Configure Spanning Tree Protocol (STP)

Imagine a small company expanding its local network. To improve reliability, the administrator connects the switches using multiple redundant links. A few minutes later, users start complaining, the network becomes slow, pings time out, and broadcast traffic floods the LAN.

Figure 1 – Example of a Layer 2 loop created by redundant switch links before Spanning Tree Protocol is enabled.

What happened? The network has fallen into a Layer 2 loop, a classic issue that can bring even simple Ethernet topologies to a halt. Frames endlessly circulate between switches because there’s no mechanism to stop them.

This is exactly the kind of disaster that the Spanning Tree Protocol (STP) was designed to prevent. STP ensures that even if multiple links exist between switches, only one logical path remains active. The others are placed in a blocking state to avoid loops but can reactivate instantly if a failure occurs.

In this lesson, you’ll learn how to control which switch becomes the Root Bridge, the central decision-maker in any STP topology.

Network Topology Overview

Now that you understand why STP is necessary, let’s see how to configure it in practice. We’ll use a simple three-switch topology to illustrate how to set the Root Bridge and a Backup Root Bridge.

• SW1: Intended Root Bridge.

• SW2: Backup Root Bridge.

• SW3: Default priority switch serving as a NON-ROOT switch.

Figure 2 – Three-switch topology with Root, Backup, and Non-Root switches.

We’ll configure SW1 with a lower Bridge ID (BID) so it becomes the Root Bridge.
SW2 will act as a backup, ready to take over if SW1 fails.
This ensures that the network behaves predictably and recovers quickly from link or switch failures.

Now that you’ve seen how loops can bring a network down, it’s time to take control.
Let’s make sure our switch becomes the Root Bridge, the central point from which the entire Spanning Tree topology is built.

Understanding the Root Bridge Election

In every STP domain, switches compare their Bridge ID (BID) to decide who will be the Root Bridge.
The BID is made up of two elements:

Figure 3 – Spanning Tree Bridge ID Example

• Bridge Priority

• MAC Address

The switch with the lowest BID wins the election and takes the role of Root Bridge.

By default, every switch starts with a priority of 32768 + VLAN ID.
That means any device could accidentally become the Root, leading to unpredictable traffic paths.
Let’s fix that by assigning a clear priority to our main switch.

Preparing to Configure the Root Bridge

We’ll now configure Spanning Tree Protocol (STP) so that SW1 becomes the Root Bridge.
In our example, the network only uses VLAN 1, so we’ll apply the configuration to this VLAN.
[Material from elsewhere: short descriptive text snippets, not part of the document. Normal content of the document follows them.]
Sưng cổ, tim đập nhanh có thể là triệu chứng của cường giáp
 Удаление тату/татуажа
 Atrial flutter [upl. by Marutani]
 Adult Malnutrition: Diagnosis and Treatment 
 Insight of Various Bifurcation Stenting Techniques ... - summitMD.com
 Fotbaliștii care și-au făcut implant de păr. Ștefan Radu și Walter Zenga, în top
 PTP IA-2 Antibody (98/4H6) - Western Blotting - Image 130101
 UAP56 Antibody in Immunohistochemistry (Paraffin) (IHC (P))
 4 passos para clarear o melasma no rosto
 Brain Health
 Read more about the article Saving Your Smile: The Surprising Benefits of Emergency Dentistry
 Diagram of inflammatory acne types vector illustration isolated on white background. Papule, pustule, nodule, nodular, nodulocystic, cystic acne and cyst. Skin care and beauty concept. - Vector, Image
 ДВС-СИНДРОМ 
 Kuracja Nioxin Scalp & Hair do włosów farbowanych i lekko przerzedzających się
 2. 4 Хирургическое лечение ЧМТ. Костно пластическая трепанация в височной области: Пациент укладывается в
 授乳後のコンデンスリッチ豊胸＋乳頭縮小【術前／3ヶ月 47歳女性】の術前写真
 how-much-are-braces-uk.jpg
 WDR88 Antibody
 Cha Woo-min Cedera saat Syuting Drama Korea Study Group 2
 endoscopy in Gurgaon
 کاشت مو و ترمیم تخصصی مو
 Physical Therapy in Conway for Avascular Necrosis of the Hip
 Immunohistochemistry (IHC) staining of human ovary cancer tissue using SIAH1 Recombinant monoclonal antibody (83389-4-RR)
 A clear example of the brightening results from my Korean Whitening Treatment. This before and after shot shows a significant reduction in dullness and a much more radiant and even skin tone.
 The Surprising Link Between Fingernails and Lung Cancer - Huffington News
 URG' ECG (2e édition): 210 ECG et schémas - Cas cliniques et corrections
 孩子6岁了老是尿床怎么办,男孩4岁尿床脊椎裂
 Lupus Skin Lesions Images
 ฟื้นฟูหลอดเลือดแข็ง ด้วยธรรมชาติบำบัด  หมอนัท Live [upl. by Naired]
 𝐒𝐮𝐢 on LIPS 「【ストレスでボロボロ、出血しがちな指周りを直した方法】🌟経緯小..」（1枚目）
Note: Cisco switches use Rapid PVST+ (IEEE 802.1w) by default — a faster version of STP.
In this lesson, we’ll focus on classic STP to understand the fundamental configuration steps.

To view what can be configured for VLAN 1:

SW1(config)# spanning-tree vlan 1 ?
  forward-time  Set the forward delay for the spanning tree
  hello-time    Set the hello interval for the spanning tree
  max-age       Set the max age interval for the spanning tree
  priority      Set the bridge priority for the spanning tree
  root          Configure switch as root

Among these options, the key parameter is priority, which determines who becomes the Root Bridge.

Setting the Bridge Priority

The Bridge Priority defines how likely a switch is to be elected as the Root.
Cisco allows values between 0 and 61440, in increments of 4096.
The lower the number, the higher the chance of becoming Root Bridge.

Table 1 - Spanning Tree Protocol Priority values

You could manually assign the lowest possible value like this:

SW1(config)# spanning-tree vlan 1 priority 0

This would force SW1 to always win the election by giving it the lowest Bridge ID.
However, in our lab, we’ll use Cisco’s shortcut method.

Using the Root Bridge Shortcut

Let’s now configure SW1 to become the Root Bridge using the shortcut command:

SW1(config)# spanning-tree vlan 1 root primary

This command automatically adjusts the bridge priority so that SW1 becomes the Root Bridge for VLAN 1.
It’s simple, quick, and ensures the correct election outcome without manual calculations.